Last week (4th to 12th September), two 2 Ph.D. students from the Carbonate Lab, Bruno Lauper and Jean-Charles Schaegis, seized the opportunity to discover the regional geology of Israel within the framework of the CUSO (Conférence Universitaire de Suisse Occidentale) doctoral school program. This excursion, entitled “The impact of tectonics and climate in the Dead Sea area: a land bridge for humans out of Africa”, was organized jointly by Prof. Daniel Ariztegui (University of Geneva) and Dr. Nicolas Waldmann (University of Haifa).
The group composed of 23 students from different Swiss and Israeli institutions started their geological journey in erosional craters in the Negev Desert, headed north along the Dead Sea transform fault, climbed up the basaltic plateau of the Golan Heights, followed partly the Lebanese border and the Mount Meron before reaching the Mediterranean Sea in Haifa.

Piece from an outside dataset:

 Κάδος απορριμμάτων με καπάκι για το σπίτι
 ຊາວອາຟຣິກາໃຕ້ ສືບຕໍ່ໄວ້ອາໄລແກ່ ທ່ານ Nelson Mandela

Beside pure geology, different archeological sites were visited and different topics such as the migration of early humans or the use of water in desert arid were approached.
Jean-Charles and Bruno greatly enjoyed this experience and noticed the importance of such excursions not only for diversifying their geological skills, but also for increasing the links between early career scientists from different universities and different research fields, as well as for enhancing future collaboration. Jean-Charles and Bruno would like to thanks warmly the organizers for this amazing experience that left their minds full of souvenirs and their stomachs full of humus.